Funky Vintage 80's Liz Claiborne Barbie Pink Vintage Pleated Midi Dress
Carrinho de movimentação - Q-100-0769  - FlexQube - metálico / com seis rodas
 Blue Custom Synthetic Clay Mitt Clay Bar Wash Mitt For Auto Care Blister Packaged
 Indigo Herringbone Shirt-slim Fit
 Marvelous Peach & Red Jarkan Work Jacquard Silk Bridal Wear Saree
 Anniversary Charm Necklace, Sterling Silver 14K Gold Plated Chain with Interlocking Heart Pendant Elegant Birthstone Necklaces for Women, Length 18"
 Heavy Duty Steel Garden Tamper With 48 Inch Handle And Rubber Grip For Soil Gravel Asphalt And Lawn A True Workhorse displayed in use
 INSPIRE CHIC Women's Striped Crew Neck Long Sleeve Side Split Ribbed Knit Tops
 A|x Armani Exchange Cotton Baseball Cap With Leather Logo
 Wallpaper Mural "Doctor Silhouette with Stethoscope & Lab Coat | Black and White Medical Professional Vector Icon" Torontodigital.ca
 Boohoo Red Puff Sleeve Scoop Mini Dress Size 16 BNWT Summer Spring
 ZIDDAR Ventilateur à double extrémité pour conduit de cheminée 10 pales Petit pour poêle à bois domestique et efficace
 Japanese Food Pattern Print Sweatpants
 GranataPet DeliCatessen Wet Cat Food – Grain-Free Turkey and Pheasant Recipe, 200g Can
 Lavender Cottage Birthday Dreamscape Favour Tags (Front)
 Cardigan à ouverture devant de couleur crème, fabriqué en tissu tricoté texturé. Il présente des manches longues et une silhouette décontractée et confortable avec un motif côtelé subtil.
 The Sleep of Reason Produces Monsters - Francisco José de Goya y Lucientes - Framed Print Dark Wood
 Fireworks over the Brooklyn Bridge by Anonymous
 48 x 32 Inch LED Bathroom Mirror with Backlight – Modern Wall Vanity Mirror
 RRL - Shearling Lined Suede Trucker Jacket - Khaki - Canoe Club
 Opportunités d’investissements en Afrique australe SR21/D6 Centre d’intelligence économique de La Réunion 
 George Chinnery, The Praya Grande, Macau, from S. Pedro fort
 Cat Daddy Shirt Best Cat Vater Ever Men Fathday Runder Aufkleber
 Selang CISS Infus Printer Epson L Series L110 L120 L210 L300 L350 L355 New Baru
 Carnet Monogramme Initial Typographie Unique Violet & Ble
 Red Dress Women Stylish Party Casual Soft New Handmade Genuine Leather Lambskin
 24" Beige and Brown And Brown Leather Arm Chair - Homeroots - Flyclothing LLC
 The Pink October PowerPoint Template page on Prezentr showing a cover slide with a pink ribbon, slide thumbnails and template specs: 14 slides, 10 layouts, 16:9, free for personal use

= = =

--- EXERCISE DESCRIPTION ---
Would you quote everything above from the line containing "Blue Custom Synthetic" down to the line containing "ZIDDAR Ventilateur à"? Include both of those lines and nothing else.

--- ANSWER SECTION ---
 Blue Custom Synthetic Clay Mitt Clay Bar Wash Mitt For Auto Care Blister Packaged
 Indigo Herringbone Shirt-slim Fit
 Marvelous Peach & Red Jarkan Work Jacquard Silk Bridal Wear Saree
 Anniversary Charm Necklace, Sterling Silver 14K Gold Plated Chain with Interlocking Heart Pendant Elegant Birthstone Necklaces for Women, Length 18"
 Heavy Duty Steel Garden Tamper With 48 Inch Handle And Rubber Grip For Soil Gravel Asphalt And Lawn A True Workhorse displayed in use
 INSPIRE CHIC Women's Striped Crew Neck Long Sleeve Side Split Ribbed Knit Tops
 A|x Armani Exchange Cotton Baseball Cap With Leather Logo
 Wallpaper Mural "Doctor Silhouette with Stethoscope & Lab Coat | Black and White Medical Professional Vector Icon" Torontodigital.ca
 Boohoo Red Puff Sleeve Scoop Mini Dress Size 16 BNWT Summer Spring
 ZIDDAR Ventilateur à double extrémité pour conduit de cheminée 10 pales Petit pour poêle à bois domestique et efficace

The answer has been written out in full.